THE DEVIL ALL THE TIME

Rated R, 138 minutes.
Director: Antonio Campos
Cast: Bill Skarsgård, Tom Holland, Sebastian Stan, Haley Bennett, Jason Clarke, Riley Keough, Harry Melling, Eliza Scanlen, Mia Wasikowska and Robert Pattinson

Translating material from one medium to another is never easy. Take a book. A fictional narrative contains thoughts and ideas that are tough to convey in a visual framework. David Ray Pollack’s novel THE DEVIL ALL THE TIME is a taut work, brimming with colorful prose that paints a not-too-rosy picture of life in rural southern Ohio and West Virginia. The towns have a lingering smell of rotten eggs. The hardscrabble characters – some pious, others as lascivious as Lucifer – move through life about as far as a pawn on a chessboard.

Reading an excerpt from the first chapter, Pollack takes the reader into the minds of various personalities. Did we really need to know that a bus driver who lived right outside of Philadelphia would rather have a bullet in the brain than to live in a place like Meade, Ohio? I thought to myself: Probably not, but the admission made by the novel’s omnipresent narrator provides little quirks that stick to you about as firmly as a Garfield plush toy in a car window.

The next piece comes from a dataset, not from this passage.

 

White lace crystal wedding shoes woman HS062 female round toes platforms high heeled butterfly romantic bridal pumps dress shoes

Director Antonio Campos (2016’s CHRISTINE) and his brother, Paulo, penned this gothic novel’s adaptation. Timelines jump around, characters come and go. For those that stick around, their trajectory (in the eyes of the Lord or the Devil) webs and snakes along the farm roads and townships of a lonesome America.

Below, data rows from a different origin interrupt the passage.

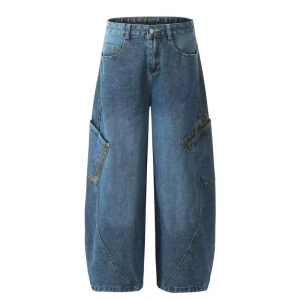 Women’s Mid Waist Baggy Cargo Jeans Leopard Patchwork Multi Pocket Denim Pants Casual Streetwear Loose Fit Trousers Fashionable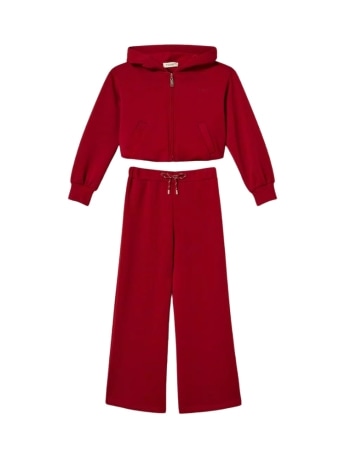 Twinset set kids/junior felpa con cappuccio e pantalone in tessuto scuba rosso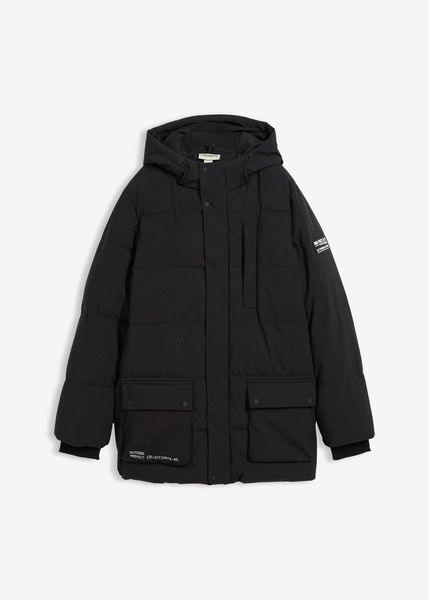 Pikowana parka ze sportowymi detalami i kapturem. Czarne kurtki i płaszcze dla chłopców bonprix, na zimę, bez wzorów, sportowe. Za 249.99 zł.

THE DEVIL ALL THE TIME is definitely not a feel-good time. Instead of Prada, the devils wear sweat-stained dungarees or drive a car that’s as white as a newly painted picket fence. And for one soul who could give a rats about the Good Book, his knuckles look like they’ve met the serrated edges of a cheese grater – the spillover effects from punching those who harass his sister.

Everything has a lived-in feel about it, from the style of dress to old farmhouses with bowing hardwood floors and piddling lawns.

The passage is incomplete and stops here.